Canadians Import a Bit of the Netherlands

United StatesUnited States Top, Grieg, and Prokofiev: Jon Kimura Parker (piano), Vancouver Symphony Orchestra, Bramwell Tovey (conductor), Benaroya Hall, Seattle, 23.1.2013 (BJ)

Edward Top: Totem
Grieg: Piano Concerto
Prokofiev: Symphony No. 5

It might well have been called “Canada Week” at Benaroya Hall: in the complex’s recital hall, Manitoba-born violinist James Ehnes was presenting his second season’s winter festival as artistic director of the Seattle Chamber Music Society, while the main auditorium witnessed a welcome appearance by the Vancouver Symphony Orchestra as guests of the Seattle Symphony.

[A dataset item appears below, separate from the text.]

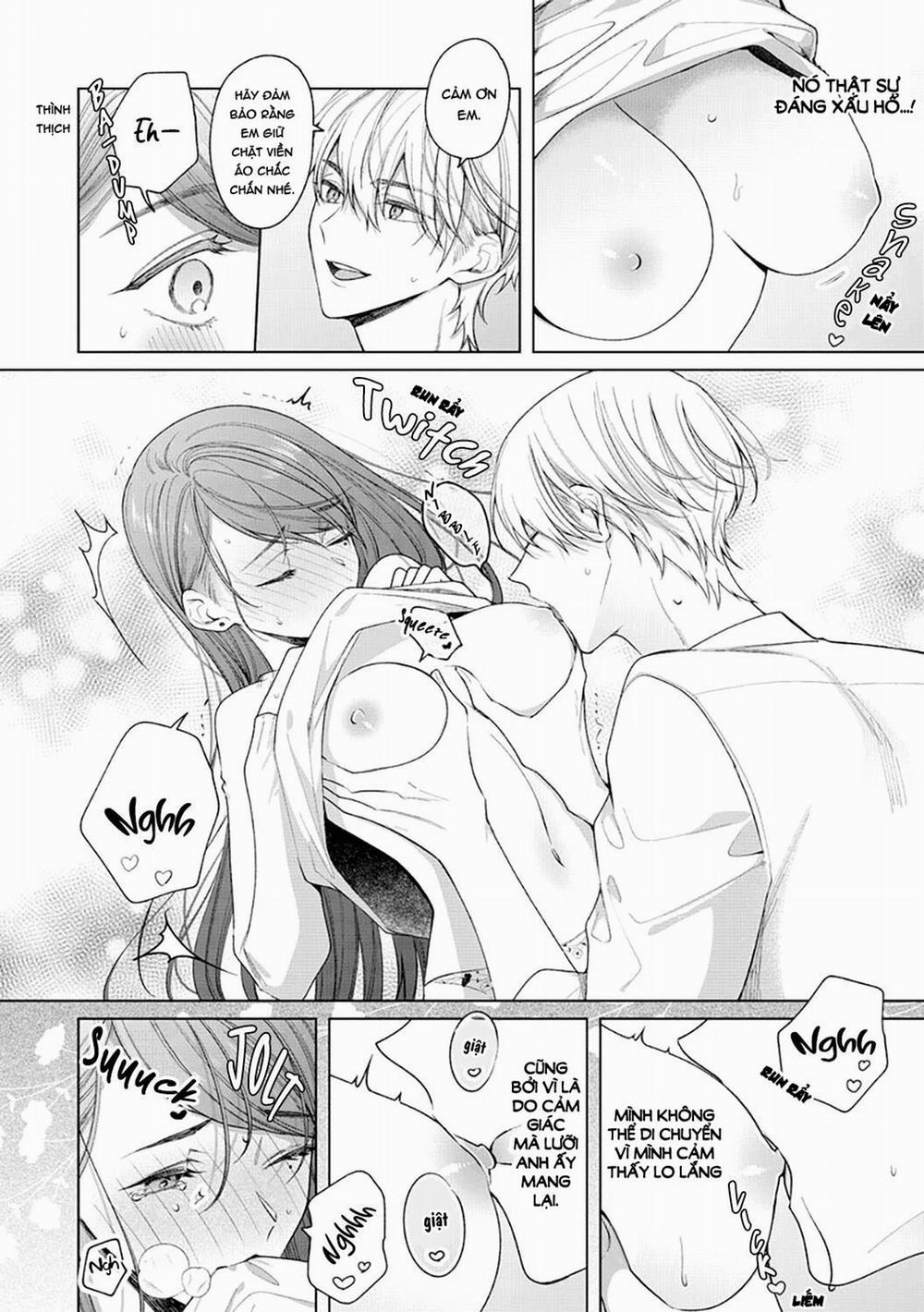 Hoàng Tử Đồng Nghiệp 3.2 trang 7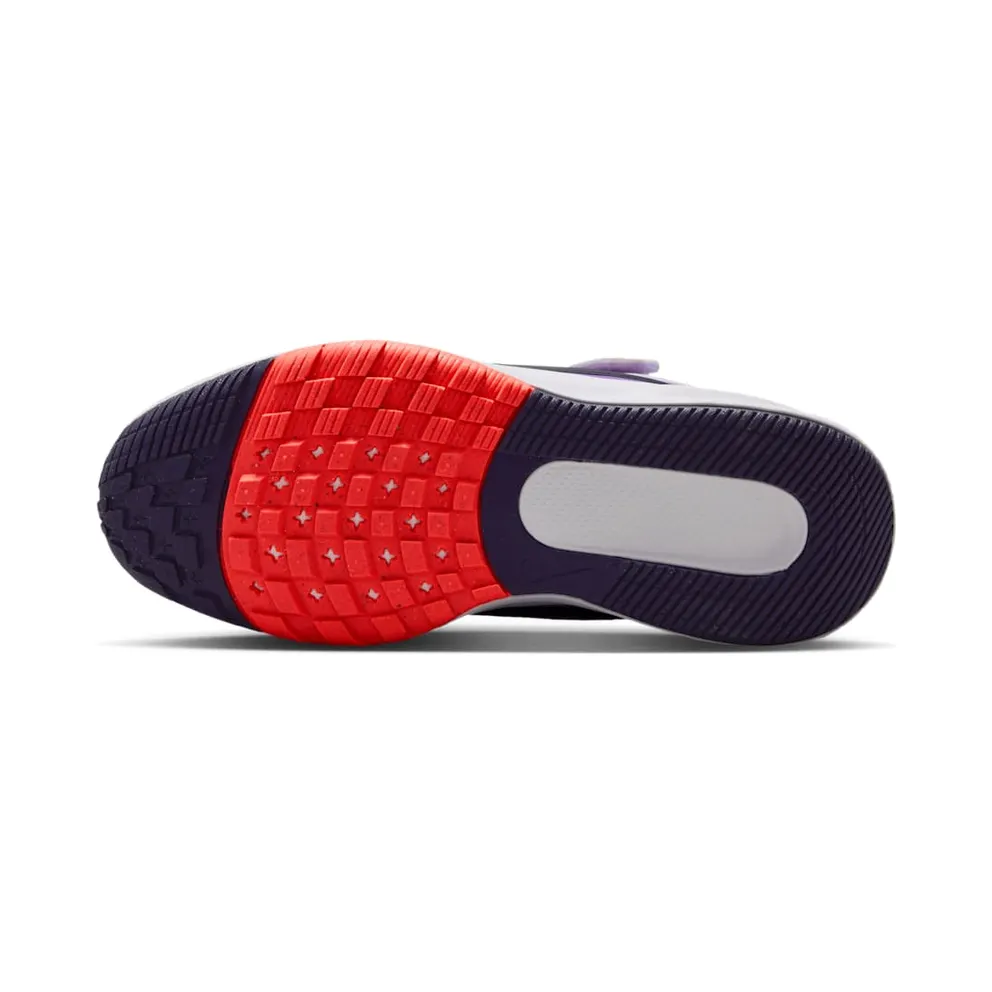 Nike Star Runner Violet Mist/Bright Violet/Hot Lava/Purple Dynasty (HF7005-500)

Music director Bramwell Tovey had moreover selected a Canadian piece to open his orchestra’s West Coast tour: Totem, by Edward Top, which had received its world premiere just four days earlier on the ensemble’s home turf. Born 41 years ago in the Dutch province of Overijssel, Top now lives in Vancouver, where he serves as the orchestra’s composer in residence. It was hard to perceive the precise relevance of his somewhat New-Age-y program note to the music we heard, but Totem proved to be a thoroughly attractive piece. A little under a quarter of an hour in duration, it held the ear effortlessly. The orchestral writing, which was realized brilliantly under Tovey’s baton, is vivid and full of interest, the textures are lucid, and the dynamic arc of the work is articulated clearly. I felt that the three movements could have profited from being more strongly contrasted one with another, but this is a minor complaint, and the prevailing impression was of a composer of considerable talent, able to communicate with a broad public, yet highly individual in his artistic persona.

The evening’s concerto was Grieg’s, for piano, with Jon Kimura Parker as the accomplished soloist. His encore, a version of the theme from Danny Elfman’s music for The Simpsons, was obviously enjoyed by audience members more familiar than I with popular culture (a term that, in any case, I am pompously inclined to describe as an oxymoron). Then came Prokofiev’s Fifth Symphony, a good test for any orchestra, from which the Vancouver Symphony emerged with considerable credit. The strings are perhaps a trifle lacking in richness of tone, but altogether the orchestra played with all the requisite panache and skill, and Tovey paced the music impeccably.

I found it rather amusing to encounter this particular symphony on a program shared by a composer from Overijssel. About thirty years ago, as it happens, I heard the then Overijssel Philharmonic Orchestra give—I think in Enschede—its first-ever performance of the work, a full four decades after its composition. As encore on the present occasion, Tovey followed it with an eloquently phrased performance of Brahms’s Hungarian Dance No. 5, which provided a suitably entertaining conclusion to an evening of solid musical pleasure.